Greening Museum #3 – Compton Verney

The second museum we paid a visit to on Tuesday was Compton Verney, which in terms of size presents a noticeable contrast to little Marton Museum of Country Bygones. We have now visited one of each type of museum in the cohort – council-funded medium-sized museums (Nuneaton Museum and Art Gallery, Rugby Art Gallery and Museum), small volunteer-run museums (Marton, Chedham’s Yard) and centuries-old country manor houses (Compton Verney, Shugborough).

Compton Verney has a long history, but the gallery is only ten years old. Its varied collection of European painting and sculpture and Chinese bronze has won it international recognition. The manor also has extensive grounds containing a restored ice-house (predecessor to the modern freezer, I learned).


Compton Verney is such a large site, and our time was limited, so we weren’t able to look at every room. The heating system they have at Compton Verney is uniquely eco-conscious in that it is sourced in the lake on the grounds. 70% of the old building is heated by this system, only topped up by electricity. The water is then returned to the lake, not before it is cooled to protect the lake’s eco-system.
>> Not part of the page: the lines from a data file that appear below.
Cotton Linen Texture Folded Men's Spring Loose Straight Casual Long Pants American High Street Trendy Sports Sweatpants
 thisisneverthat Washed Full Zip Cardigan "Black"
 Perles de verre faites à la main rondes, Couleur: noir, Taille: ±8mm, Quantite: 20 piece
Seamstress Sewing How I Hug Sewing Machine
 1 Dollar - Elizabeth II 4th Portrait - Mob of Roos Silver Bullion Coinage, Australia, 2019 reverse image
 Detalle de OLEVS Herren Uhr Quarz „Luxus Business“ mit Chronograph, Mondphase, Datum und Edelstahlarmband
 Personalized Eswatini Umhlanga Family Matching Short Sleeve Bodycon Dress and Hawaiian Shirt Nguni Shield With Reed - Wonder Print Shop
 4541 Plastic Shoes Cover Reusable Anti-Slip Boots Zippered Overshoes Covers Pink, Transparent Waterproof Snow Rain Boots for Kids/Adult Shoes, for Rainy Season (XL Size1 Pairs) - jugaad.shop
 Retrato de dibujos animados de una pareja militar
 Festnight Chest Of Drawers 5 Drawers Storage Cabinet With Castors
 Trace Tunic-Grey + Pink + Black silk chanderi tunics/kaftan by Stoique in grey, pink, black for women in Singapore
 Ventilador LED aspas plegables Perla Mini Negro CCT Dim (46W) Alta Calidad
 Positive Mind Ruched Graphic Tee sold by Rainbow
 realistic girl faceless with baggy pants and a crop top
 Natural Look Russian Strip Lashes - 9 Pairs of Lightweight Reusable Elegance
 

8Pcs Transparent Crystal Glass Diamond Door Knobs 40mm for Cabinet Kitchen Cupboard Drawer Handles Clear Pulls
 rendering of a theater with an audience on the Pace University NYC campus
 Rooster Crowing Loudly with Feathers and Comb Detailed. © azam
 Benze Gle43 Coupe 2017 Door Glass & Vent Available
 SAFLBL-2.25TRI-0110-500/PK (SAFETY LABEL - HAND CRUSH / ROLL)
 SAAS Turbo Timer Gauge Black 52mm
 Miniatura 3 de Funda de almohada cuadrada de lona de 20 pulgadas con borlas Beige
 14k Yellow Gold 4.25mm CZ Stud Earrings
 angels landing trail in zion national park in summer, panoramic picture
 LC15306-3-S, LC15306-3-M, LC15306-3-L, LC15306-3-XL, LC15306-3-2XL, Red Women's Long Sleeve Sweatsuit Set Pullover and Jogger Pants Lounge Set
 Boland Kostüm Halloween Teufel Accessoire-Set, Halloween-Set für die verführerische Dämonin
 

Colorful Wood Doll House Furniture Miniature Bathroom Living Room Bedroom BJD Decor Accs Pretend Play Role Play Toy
I admit to having relatively little knowledge about how these things work, but the staff at Compton Verney were very thorough in their explanation of it all.

There are parts of Compton Verney that are over three hundred years old, and some of the artefacts are even older – some of the Chinese bronzes, for example, date back to the Shang Dynasty which ended in 1050 BC. Naturally it will be important to protect all of these things while the museum goes green.

But there is no job too big or small for us!